I don't have much to offer in terms of experience with headphones but in terms of my home listening systems there's a large difference between the various receivers I have which are all SS and are of various age ranging from 2 to 40 years.
As an electrical engineer I can tell you that yes, they are all functionally equivalent but there are lots of other factors including the transistors themselves. Topology is an obvious difference but lets not even consider that.
Besides, if they all sounded the same then why on earth are there so many companies making amplifiers..... Also, if you follow your own logic all DACs are the same too. They're functionally equivalent given the same speed/bit spec.
I don't agree that they all sound the same because as we're finding out, plenty of the people making them don't know what they're doing and are doing stuff that actually harms the sound. Competently designed amps I think would likely sound very similar, very possibly would sound the same within the range of human hearing, but I don't know how many products that's even true of. Very few of the boutique products it seems.
Because people are not actually measuring them. Not to mention comparing them in different circumstances or based on memory or any number of other things that skew their findings.
You make a mistake by saying that your amps are functionally the same, which they almost certainly aren't, unless you've somehow managed to get a variety of them that have the same measured output and are at similar levels of duress (i.e. clean, which is of more significance for older ones).

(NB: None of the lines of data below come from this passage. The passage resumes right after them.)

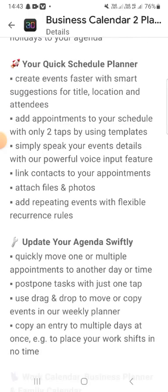Your schedule planner lets you create events faster with smart suggestions for your title, location, and attendees. Add appointments to your schedule with only two taps, using templates. Simply speak your event details with powerful voice input features. Attach files and photos to repeating events with flexible recurrence rules and update your agenda easily.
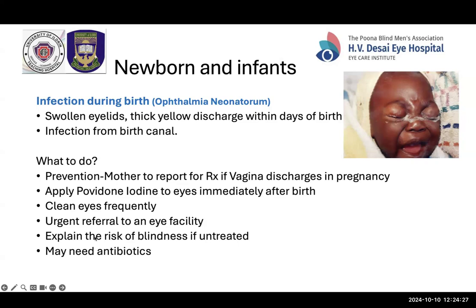Always explain the risk of blindness to parents and the need for urgent referral. Such babies may also need systemic antibiotics to treat the infection.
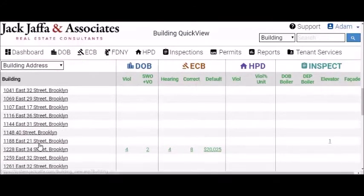On your Building Quick View page, you can also view all your locations, and we have every agency listed for you: your DOB, ECB, HPD, and inspection.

It actually doesn't need to be the same, they just need to all effectively have the same headroom such that whatever volume levels you're comparing them at, they are not running into issues with being able to provide the necessary output.
The reality is that not all amps are competently designed (and by that I mean measure such that they have no glaring fault that would be audible), and plenty of these companies often even tout "voicing" them or "engineering them by ear". Or at least a lot of the headphone amp makers do. Stuff like output impedance issues are actually ridiculously common in headphone amps, and even intended plenty of the time, and that alone can greatly impact the results you get.
Even if they do sound the same, people want/expect them to sound different and so will convince themselves that they do.
Well, that's actually true. In fact, I'd say DACs are more likely to sound the same than amps. Of course there are things that can skew comparisons between DACs, so you'd want to take extra care to remove all other factors (so you'd want same amp/speakers/measured volume/recording/etc).